Erstattet der Arbeitgeber Verpflegungsaufwendungen, die dem Arbeitnehmer entstanden sind, so kann hieraus kein Vorsteuerabzug in Anspruch genommen werden. Nur, wenn der Arbeitnehmer Verpflegungsleistungen erhält, die der Arbeitgeber empfängt und in voller Höhe trägt (vgl. Abschnitt 15.2 Abs.16 UStAE ), kann der Arbeitgeber den Vorsteuerabzug hieraus in Anspruch nehmen. Auch hier ist wieder Voraussetzung, dass die Rechnung auf den Namen des Unternehmers ausgestellt ist oder eine Kleinbetragsrechnung vorliegt.

4. Fahrtkosten Arbeitnehmerfahrzeuge

Es ist ein Vorsteuerabzug aus Fahrtkosten für Fahrzeuge des Arbeitnehmers möglich, wenn der Unternehmer Leistungsempfänger ist. Darüber hinaus muss gegenüber dem Unternehmer mit einer Rechnung im Sinne des § 14 UStG abgerechnet werden und die übrigen Voraussetzungen für den Vorsteuerabzug müssen erfüllt sein.
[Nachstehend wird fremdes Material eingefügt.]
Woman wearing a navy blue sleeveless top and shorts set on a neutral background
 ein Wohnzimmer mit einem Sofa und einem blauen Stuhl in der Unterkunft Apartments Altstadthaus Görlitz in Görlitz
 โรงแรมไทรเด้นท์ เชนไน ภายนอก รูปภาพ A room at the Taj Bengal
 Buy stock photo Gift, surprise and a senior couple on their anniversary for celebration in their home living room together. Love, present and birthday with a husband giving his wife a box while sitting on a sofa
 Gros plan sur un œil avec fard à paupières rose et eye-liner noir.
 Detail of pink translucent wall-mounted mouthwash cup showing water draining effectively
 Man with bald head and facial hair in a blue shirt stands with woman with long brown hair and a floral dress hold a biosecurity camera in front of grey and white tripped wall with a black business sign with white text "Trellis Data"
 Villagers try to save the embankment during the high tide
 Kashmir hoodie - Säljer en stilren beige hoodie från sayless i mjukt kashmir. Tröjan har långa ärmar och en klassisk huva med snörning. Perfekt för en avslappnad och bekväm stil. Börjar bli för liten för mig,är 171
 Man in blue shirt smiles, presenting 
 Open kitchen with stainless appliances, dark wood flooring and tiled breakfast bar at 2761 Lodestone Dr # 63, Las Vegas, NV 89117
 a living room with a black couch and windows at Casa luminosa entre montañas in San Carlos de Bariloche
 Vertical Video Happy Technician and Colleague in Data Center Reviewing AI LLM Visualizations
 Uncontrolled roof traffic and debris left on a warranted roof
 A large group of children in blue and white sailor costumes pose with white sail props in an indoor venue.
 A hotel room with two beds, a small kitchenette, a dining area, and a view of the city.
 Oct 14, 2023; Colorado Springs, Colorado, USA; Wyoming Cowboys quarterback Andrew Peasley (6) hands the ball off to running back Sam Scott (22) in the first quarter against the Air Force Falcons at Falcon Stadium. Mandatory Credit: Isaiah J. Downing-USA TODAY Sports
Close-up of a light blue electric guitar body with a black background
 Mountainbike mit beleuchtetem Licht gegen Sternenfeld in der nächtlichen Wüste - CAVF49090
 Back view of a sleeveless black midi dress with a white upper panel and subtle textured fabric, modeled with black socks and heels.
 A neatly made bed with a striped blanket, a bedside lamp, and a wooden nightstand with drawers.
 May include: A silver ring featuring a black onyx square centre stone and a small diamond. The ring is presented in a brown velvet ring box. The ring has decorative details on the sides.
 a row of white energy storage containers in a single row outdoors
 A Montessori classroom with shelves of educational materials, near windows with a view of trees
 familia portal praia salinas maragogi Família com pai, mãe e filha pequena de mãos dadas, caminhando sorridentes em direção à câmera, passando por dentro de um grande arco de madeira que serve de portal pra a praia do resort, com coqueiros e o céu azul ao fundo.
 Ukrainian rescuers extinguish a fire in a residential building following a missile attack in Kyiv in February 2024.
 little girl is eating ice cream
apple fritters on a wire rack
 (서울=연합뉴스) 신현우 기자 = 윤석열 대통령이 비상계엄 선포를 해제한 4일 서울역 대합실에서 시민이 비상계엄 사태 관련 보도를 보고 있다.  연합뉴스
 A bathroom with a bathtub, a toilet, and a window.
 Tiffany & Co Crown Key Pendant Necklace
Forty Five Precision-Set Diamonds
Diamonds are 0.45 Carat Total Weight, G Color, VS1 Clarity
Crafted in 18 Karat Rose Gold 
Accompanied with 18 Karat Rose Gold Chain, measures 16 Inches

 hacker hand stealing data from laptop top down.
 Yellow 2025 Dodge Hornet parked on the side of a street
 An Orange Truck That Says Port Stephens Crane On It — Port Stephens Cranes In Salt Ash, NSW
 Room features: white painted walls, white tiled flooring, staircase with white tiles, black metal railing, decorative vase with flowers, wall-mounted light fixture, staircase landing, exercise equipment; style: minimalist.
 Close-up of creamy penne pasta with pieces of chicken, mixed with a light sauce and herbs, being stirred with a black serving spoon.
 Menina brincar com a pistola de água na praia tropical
Werden dem Arbeitnehmer Fahrtkosten im Rahmen von Pauschbeträgen erstattet, ist ein Vorsteuerabzug hieraus nicht zulässig.

5. Sonstige Fälle

Für die übrigen, in § 15 Abs. 1a UStG aufgeführten Tatbestände, bleibt der Vorsteuerabzug weiterhin ausgeschlossen. Dies gilt insbesondere für Vorsteuerbeträge aus nicht abziehbaren Aufwendungen i.S. des EStG. Der Vorsteuerabzug aus Reisekostenpauschbeträgen bleibt ebenfalls ausgeschlossen.